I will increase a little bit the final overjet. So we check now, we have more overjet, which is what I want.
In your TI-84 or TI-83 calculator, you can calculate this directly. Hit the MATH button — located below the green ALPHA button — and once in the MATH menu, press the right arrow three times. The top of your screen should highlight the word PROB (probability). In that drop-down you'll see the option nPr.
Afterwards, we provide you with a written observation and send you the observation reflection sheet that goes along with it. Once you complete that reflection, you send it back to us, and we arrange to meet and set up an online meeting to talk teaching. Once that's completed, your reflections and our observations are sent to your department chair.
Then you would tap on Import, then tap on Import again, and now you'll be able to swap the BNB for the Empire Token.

------------------------------

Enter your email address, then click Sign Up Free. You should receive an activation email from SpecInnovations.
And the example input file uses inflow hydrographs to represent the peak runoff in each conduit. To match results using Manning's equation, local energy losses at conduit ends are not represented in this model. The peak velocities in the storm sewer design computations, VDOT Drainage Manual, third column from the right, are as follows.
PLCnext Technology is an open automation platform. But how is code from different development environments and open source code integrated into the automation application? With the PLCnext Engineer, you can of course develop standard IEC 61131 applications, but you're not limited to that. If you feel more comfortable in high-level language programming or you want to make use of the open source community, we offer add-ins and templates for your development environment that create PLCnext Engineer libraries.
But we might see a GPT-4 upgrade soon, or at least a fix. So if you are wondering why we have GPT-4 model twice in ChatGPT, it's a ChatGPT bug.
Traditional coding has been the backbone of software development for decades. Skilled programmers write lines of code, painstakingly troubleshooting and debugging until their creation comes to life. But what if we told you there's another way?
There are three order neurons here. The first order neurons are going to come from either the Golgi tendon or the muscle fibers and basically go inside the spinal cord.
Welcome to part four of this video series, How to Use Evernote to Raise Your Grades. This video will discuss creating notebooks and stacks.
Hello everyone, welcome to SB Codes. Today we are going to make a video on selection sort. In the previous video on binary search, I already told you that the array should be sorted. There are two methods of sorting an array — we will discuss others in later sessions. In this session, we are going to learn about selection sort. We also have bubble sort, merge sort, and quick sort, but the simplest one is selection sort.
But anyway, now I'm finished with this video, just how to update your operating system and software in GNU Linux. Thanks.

------------------------------

• Problem to solve: Return exactly the lines above from the line that has "I will increase" through the line that has "In your TI-84", inclusive, and nothing else.

• Exercise response:
I will increase a little bit the final overjet. So we check now, we have more overjet, which is what I want.
In your TI-84 or TI-83 calculator, you can calculate this directly. Hit the MATH button — located below the green ALPHA button — and once in the MATH menu, press the right arrow three times. The top of your screen should highlight the word PROB (probability). In that drop-down you'll see the option nPr.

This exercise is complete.